Search the data for the string "Board" and copy each line in which it appears.

[Data under study Boundary: Start]

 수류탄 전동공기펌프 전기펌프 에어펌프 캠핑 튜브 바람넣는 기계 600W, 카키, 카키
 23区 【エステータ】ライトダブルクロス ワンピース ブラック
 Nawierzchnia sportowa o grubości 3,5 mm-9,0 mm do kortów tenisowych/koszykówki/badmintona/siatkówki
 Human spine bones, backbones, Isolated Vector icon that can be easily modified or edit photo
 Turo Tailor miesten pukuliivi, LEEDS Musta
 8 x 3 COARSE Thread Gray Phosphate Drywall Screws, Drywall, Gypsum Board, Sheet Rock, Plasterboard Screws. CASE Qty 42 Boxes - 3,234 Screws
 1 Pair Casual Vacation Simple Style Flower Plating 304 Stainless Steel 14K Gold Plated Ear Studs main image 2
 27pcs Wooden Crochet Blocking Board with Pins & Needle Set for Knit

[Data under study Boundary: End]
[Data under study Boundary: Start]

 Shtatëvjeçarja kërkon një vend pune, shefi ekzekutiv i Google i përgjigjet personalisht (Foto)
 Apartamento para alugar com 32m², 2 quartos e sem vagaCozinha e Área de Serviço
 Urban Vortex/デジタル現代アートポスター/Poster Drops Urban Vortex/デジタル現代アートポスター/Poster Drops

[Data under study Boundary: End]

Worked solution:
 8 x 3 COARSE Thread Gray Phosphate Drywall Screws, Drywall, Gypsum Board, Sheet Rock, Plasterboard Screws. CASE Qty 42 Boxes - 3,234 Screws
 27pcs Wooden Crochet Blocking Board with Pins & Needle Set for Knit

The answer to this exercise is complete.